Condividiamo le preoccupazioni espresse in questi giorni da molti dei compagni della CGIL che, comprensibilmente, si interrogano su come si possa stornare per decreto il patrimonio dello Stato a un ente di diritto privato, e siamo ulteriormente preoccupati per una misura che andrà a colpire, a nostro giudizio, direttamente la vita non solo di chi lavora all’università, ma anche di quelle tante e di quei tanti che vivono l’università da studenti.
Come e a chi, infatti, verrà garantito l’accesso alle università di “nuovo conio”?
Quale diritto allo studio è ipotizzabile – diritto allo studio già oggi non garantito spesso dall’università pubblica – in una struttura di fatto privata?

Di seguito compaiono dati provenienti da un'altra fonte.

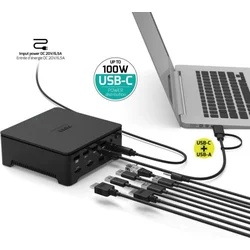 PORT CONNECT Dokovacia stanica 8v1 USB-C/A, 2x 2K, duálne video, HDMI, Ethernet, 3,5 mm jack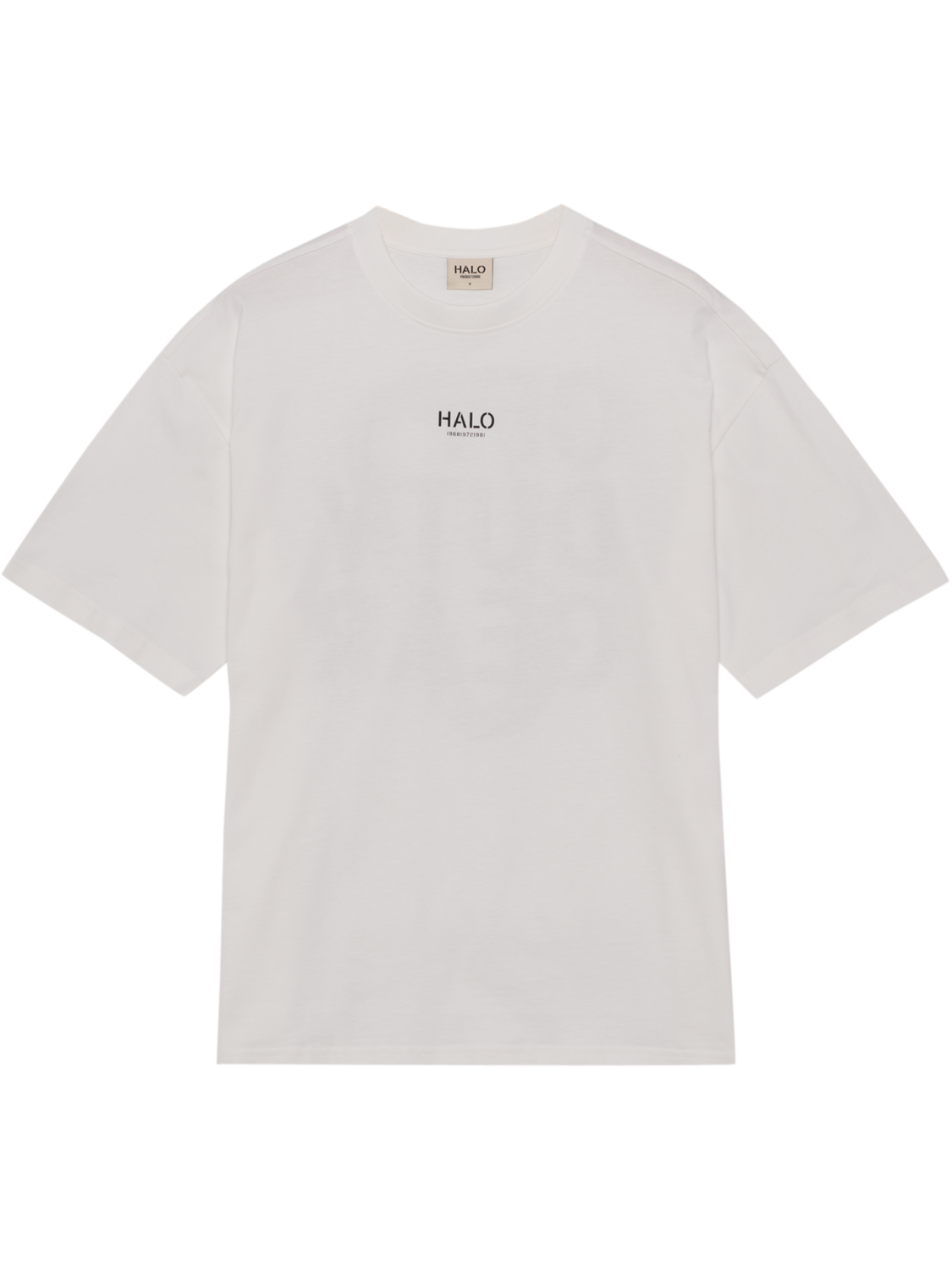HALO GRAPHIC BOXY T-SHIRT, MARSHMALLOW/SILVER/ASTRAL AURA, packshot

Come può l’attuale Ministro dell’Istruzione, Università e Ricerca Scientifica della Repubblica Italiana disattendere così platealmente l’articolo 34 della Costituzione di cui dovrebbe, invece, farsi garante attraverso il proprio dicastero?
Negli anni scorsi abbiamo denunciato l’aziendalizzazione strisciante delle nostre università, e abbiamo contrastato ogni ipotesi che tentasse di lasciare mano libera al privato.

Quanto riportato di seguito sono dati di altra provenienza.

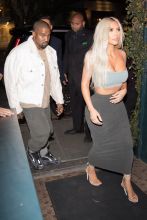 Kim Kardashian and Kanye West are seen arriving to Kendall Jenner's birthday dinner at Petite in West Hollywood, California.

La proposta della Gelmini di trasformare le università in fondazioni rappresenta l’incarnazione della più nera delle nostre previsioni.

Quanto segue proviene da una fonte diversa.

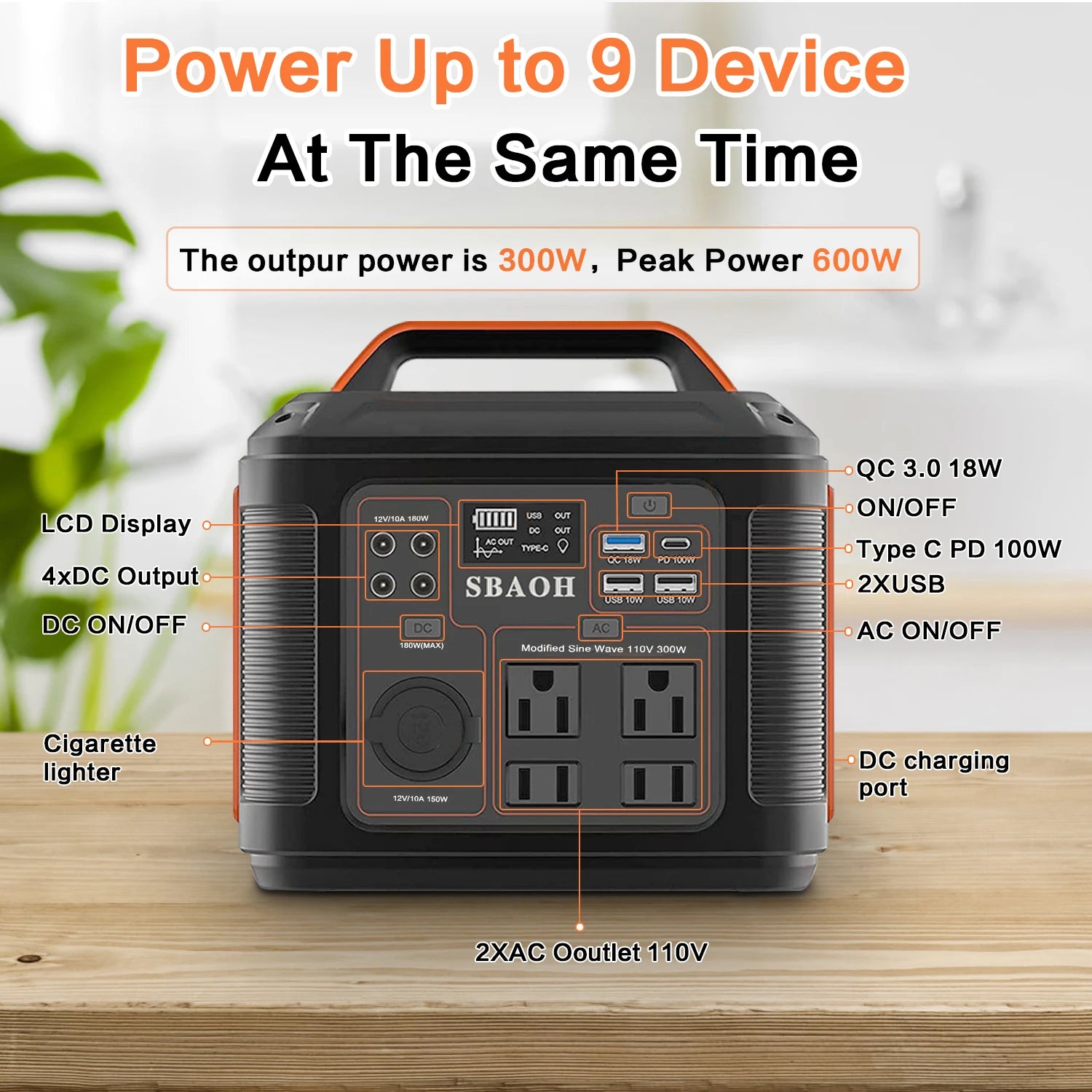 Portable Power Station, 300W Solar Generator, Quick Charging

Anziché per un ripensamento serio e di ampio respiro dell’università italiana, afflitta dalle pesanti conseguenze con cui i provvedimenti del periodo recente l’hanno investita, il ministro ha optato ancora una volta per il decreto legge.
Anziché raddrizzare le storture di un sistema in cui a farla da padrone sono la competizione e il far cassa dei singoli atenei, lasciati languire da finanziamenti statali sempre più esigui, la Gelmini ha scelto di buttare il futuro dell’università italiana alle ortiche, consegnandola nelle mani del privato. Anziché garantire un vero diritto allo studio ai bisognosi – e non ai soli meritevoli – e rendere concreto l’accesso a un’università di qualità, la Gelmini ha pensato di risolvere il problema sancendo, una volta per tutte, il principio di un’istruzione superiore assicurata solo a quanti potranno economicamente permettersela.
Un’università finanziata dallo Stato e aperta a tutti, in cui la ricerca sia libera e non dipenda dalla volontà di chi ha i soldi per farla o per farla fare, nella quale gli studenti non siano dei passivi clienti o, peggio ancora, dei semplici finanziatori: questo è ciò di cui abbiamo bisogno in Italia.
L’ennesima declinazione classista dell’università, immaginata dalla Gelmini, non è quello per cui ci siamo spesi in questi anni, bensì ciò contro cui intendiamo batterci dall’autunno prossimo. E se non ora, veramente, quando?